• YOUR GOAL:
Starting at the line that contains "Weymouth, MA 02190,65 Fountain Ln #4", transcribe each line through the end of the material below, exactly and nothing else, leaving out the pictures.

• PROVIDED MATERIAL:
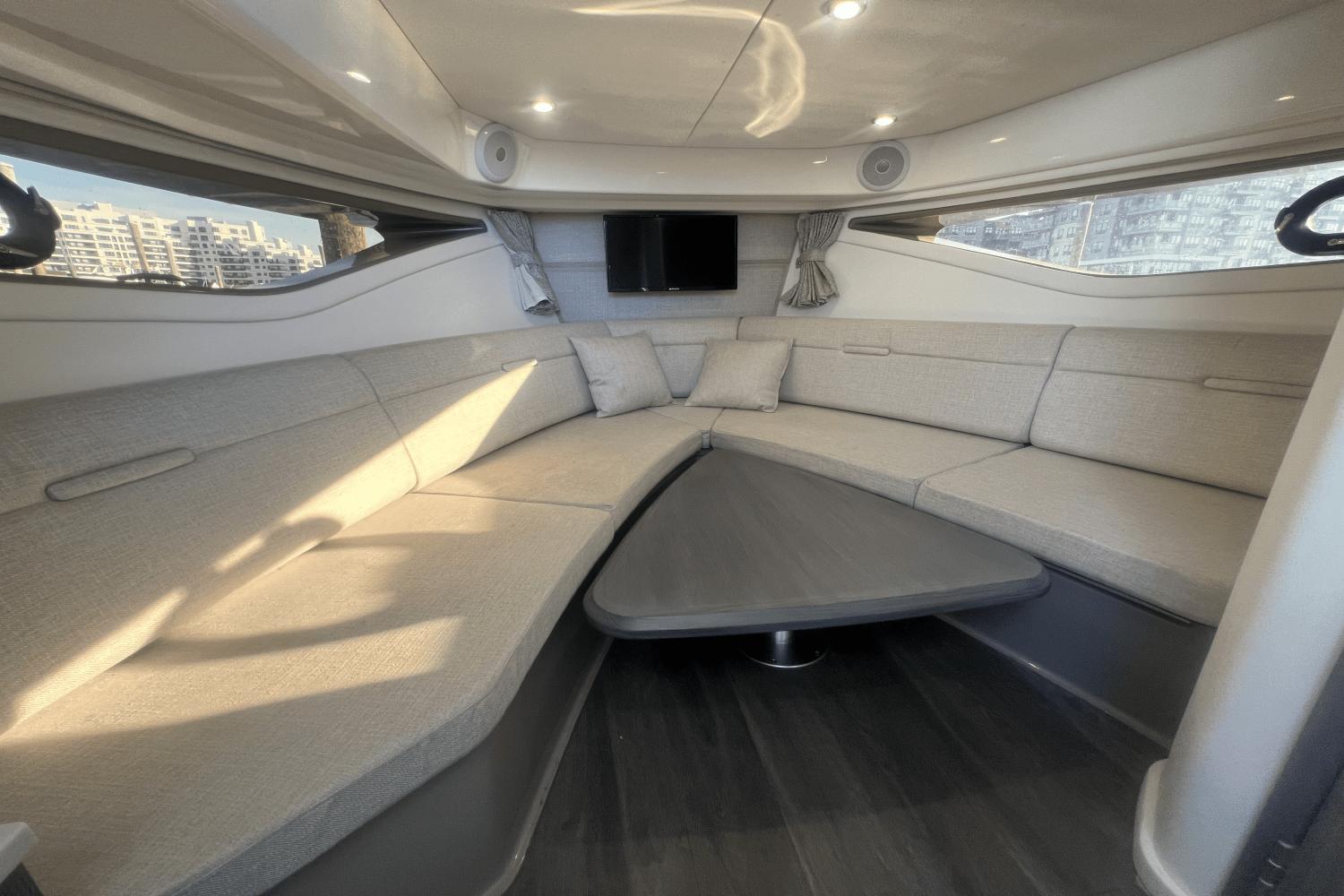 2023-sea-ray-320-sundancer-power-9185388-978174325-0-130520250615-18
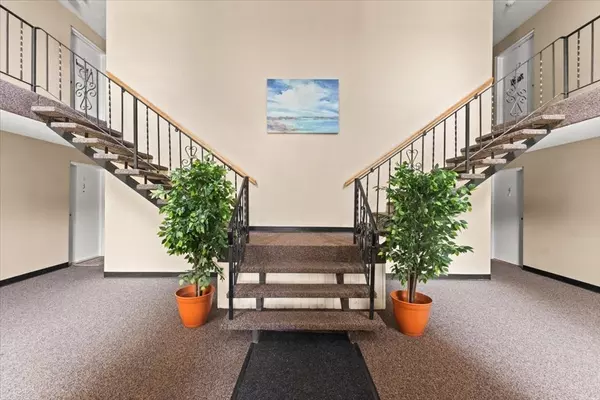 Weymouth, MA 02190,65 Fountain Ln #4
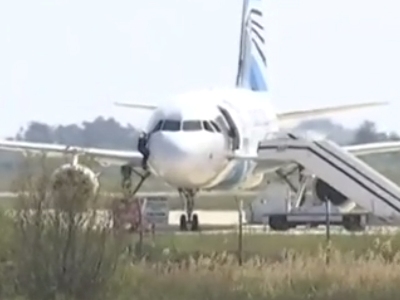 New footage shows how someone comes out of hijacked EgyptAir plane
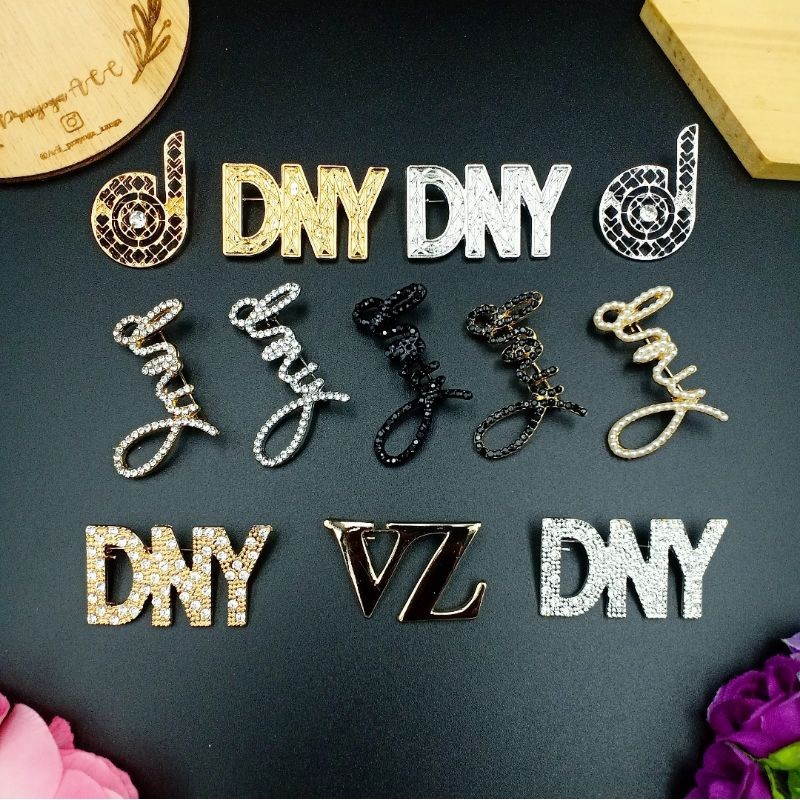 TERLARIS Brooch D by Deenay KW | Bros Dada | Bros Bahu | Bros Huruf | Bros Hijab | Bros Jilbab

• EXERCISE RESPONSE:
 Weymouth, MA 02190,65 Fountain Ln #4
 New footage shows how someone comes out of hijacked EgyptAir plane
 TERLARIS Brooch D by Deenay KW | Bros Dada | Bros Bahu | Bros Huruf | Bros Hijab | Bros Jilbab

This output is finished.